No he dejado de temblar. Casi no he sido capaz de dejar de llorar. Y aún tengo un nudo en la garganta desde la primera vez que escribí la palabra «gorda» a lo largo de este texto (y lo he escrito seis). Quizá porque es una palabra con una connotación muy dañina, aunque no es más que un adjetivo descriptivo, y porque a lo largo de los años ha sido uno de los grandes insultos que he recibido. Uf, duele, eh.
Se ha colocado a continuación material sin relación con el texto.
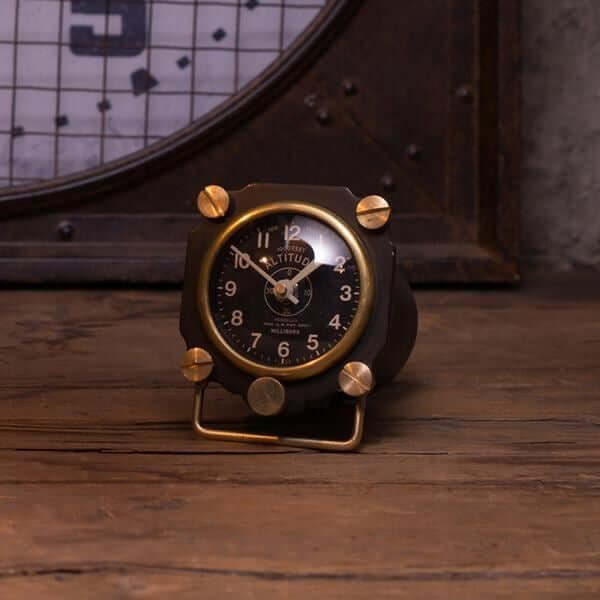 Altimeter Table Clock Black - Aviator Deck Clock - WWII Aircraft in partnership with Rustic Deco Incorporated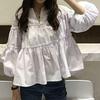 2023 Spring/Autumn Korean Style Sweet Loose Babydoll Puff Sleeve Shirt for Women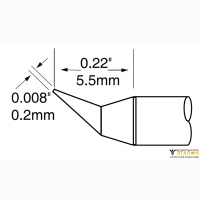 Metcal UFTC-7CNB02. Паяльное жало для MX-UF конус изогнутый 0.2 &times; 5.5 мм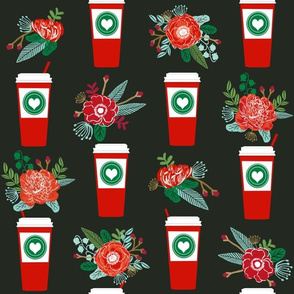 large version peppermint latte fabric, red cups fabric, holiday fabric, christmas fabric, christmas floral, coffee and florals fabric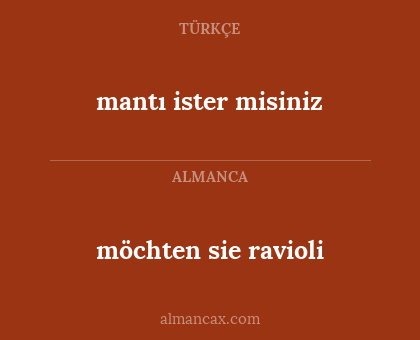 mantı ister misiniz - möchten sie ravioli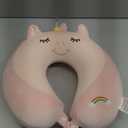 Niuniu Daddy Unicorn Kids Travel Pillows for 3-8 Y/O, Travel Essentials for Road Trip Long Flight, Soft Memory Foam Neck Pillows for Airplane, Car Seat, Traveling, Sleeping for Boys Girls Toddler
Es la primera vez que escribo esto en crudo y duele (mucho).
Creo que la conclusión de este texto es que algo tan bonito y tan mágico como es mi familia cubera no habría cambiado nada de mi vida en el instituto. No me habría hecho sentir más popular (¿para qué?) ni menos invisible (no, gracias), ni me habría hecho sentarme en primera fila e intervenir en los debates absurdos que se generaban día sí, día también. No. Aun con esa familia, aun con la vida tan maravillosa que tengo ahora, habría sido la rara, «la friki».
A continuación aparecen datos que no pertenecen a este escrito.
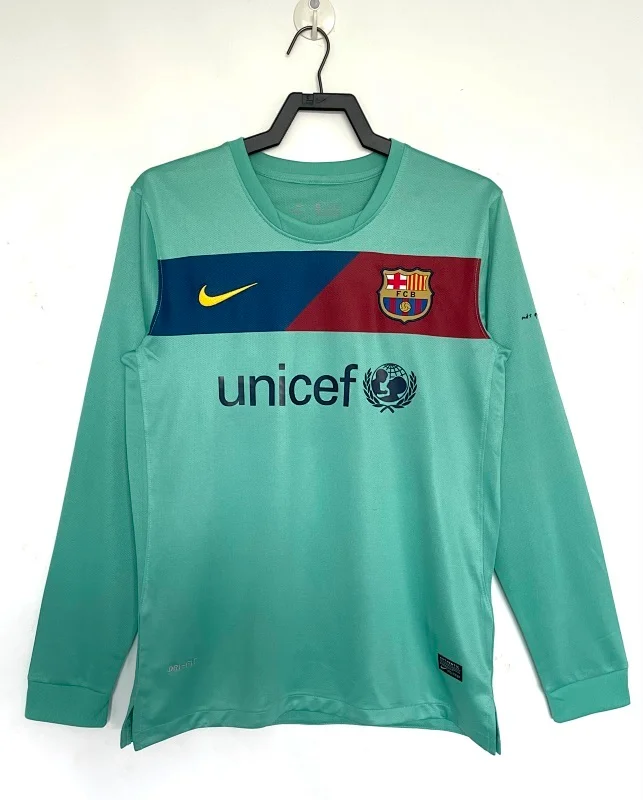 Camiseta Barcelona Visitante Manga Larga Manga Larga 2010/2011 retro foto 1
He parado y he releído el texto dos veces antes de seguir, porque odio repetirme y creo que lo voy a hacer si no paro un minuto a recapitular.
Que tampoco sé qué tiene de malo ser «la friki». Yo era friki porque escribía. Escribía, ¿y? Escribía y leía porque era lo que me daba alas, lo que me hacía imaginarme fuera de ahí. A día de hoy, siendo «la friki» en muchos de mis grupos sociales pero sintiéndome una más en mi grupo de frikis, ya no siento que necesito escapar. No voy a decir que han sanado todas las heridas porque, uf, sería mentira. Esas heridas no van a sanar nunca, por muchos abrazos sinceros que reciba una vez cada dos meses. Pero lo que sí puedo (y quiero) conseguir es dejar de sentir que la palabra «friki», y lo mismo me pasa con la palabra «gorda», es un insulto. Porque cuando una cosa tan pequeña te da algo tan grande, no veo el carácter peyorativo que puede tener una palabra que, simplemente, te asocia a una pasión.
Dos de mis grandes pasiones son escribir y los cubos de rubik. Una de ellas me salvó la vida hace diez años. La otra, me la salva cada día cuando miro a mi alrededor o cuando echo un vistazo a mi pasado. Así que sí. Sigo siendo «la friki». Y a mucha honra.